= International Military Chiefs of Chaplains Conference =

The International Military Chiefs of Chaplains Conference is an organization of the principal leaders of the national groups of military chaplains. Begun as a conference of the heads of chaplaincies of countries in the NATO alliance, it has expanded its participation.

In February 1990, the United States European Command (USEUCOM) convened and hosted a NATO Chiefs of Chaplains Conference, in Stuttgart, Germany. In 1991, a second conference took place in Church House, British Army of the Rhine, Lübbecke, Germany. During its discussions, the conference title was changed to the North America/European Chiefs of Chaplains Conference. Participants also discussed the possibility of expanding the forum to include countries from the former Warsaw Pact. The following year, in February 1992, the conference was held for the first time in a location outside of Germany, taking place in Rome, Italy. The conference was co-sponsored by USEUCOM and the Italian Ministry of Defense. Co-sponsorship by USEUCOM and the Ministry of Defense of the conference host nation became the model for future conferences. Additionally, the conference title was changed to the "International Military Chiefs of Chaplains Conference".

In later years, the conference further expanded to include chiefs of chaplains from other nations within the USEUCOM area of responsibility, an area that included many nations in Africa before the establishment of the United States Africa Command (USAFRICOM). Eventually, any chief of chaplains (or chaplain general, an equivalent term used by many nations) was welcomed from any nation's military, and the conference soon included participants from countries as far away from the USEUCOM headquarters as Australia and South Korea. Additionally, some nations that did not have military chaplains began to send representatives involved with issues of religion for military personnel - and in some cases, this participation helped lead to the establishment of that nation's chaplaincy. In 1997, the conference name was once again changed, to the "International Military Chiefs of Chaplains Conference", its current title.

At the 1999 Military Chiefs of Chaplains Conference, outside Vienna, Austria, more than 90 chaplains from 33 nations discussed the possibility of a chaplains council for NATO.

Because not all nations were represented, the Chaplain General of the South African National Defence Force (SANDF), Brigadier General M. Cornelissen - on behalf of the Chief of SANDF - proposed to co-host the first International Military Chiefs of Chaplains Conference in Cape Town, South Africa.

The 2009 International Chiefs of Chaplains Conference was held in Cape Town, South Africa, the first time the conference was held outside of Europe.

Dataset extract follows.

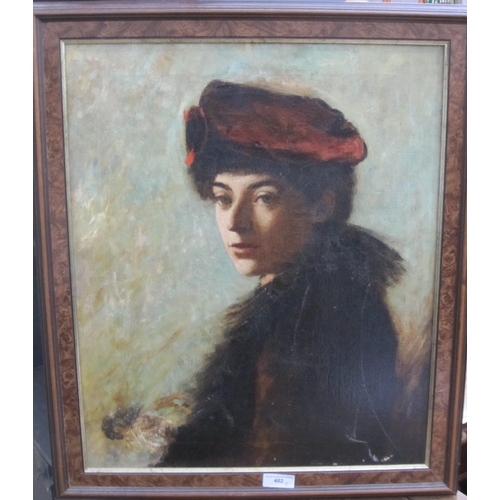 402 - ENGLISH SCHOOL. Portrait of a Lady, wearing a brown coat and red hat, oil probably over a print base...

Some nations participating in these conferences have one chief of chaplains or chaplain general, as is the case in Canada and South Africa. Other nations, including the United States, have one chief of chaplains for each branch of the military armed forces. In many other nations, one chief of chaplains is designated for each major religion or faith group represented by a significant number of their military personnel.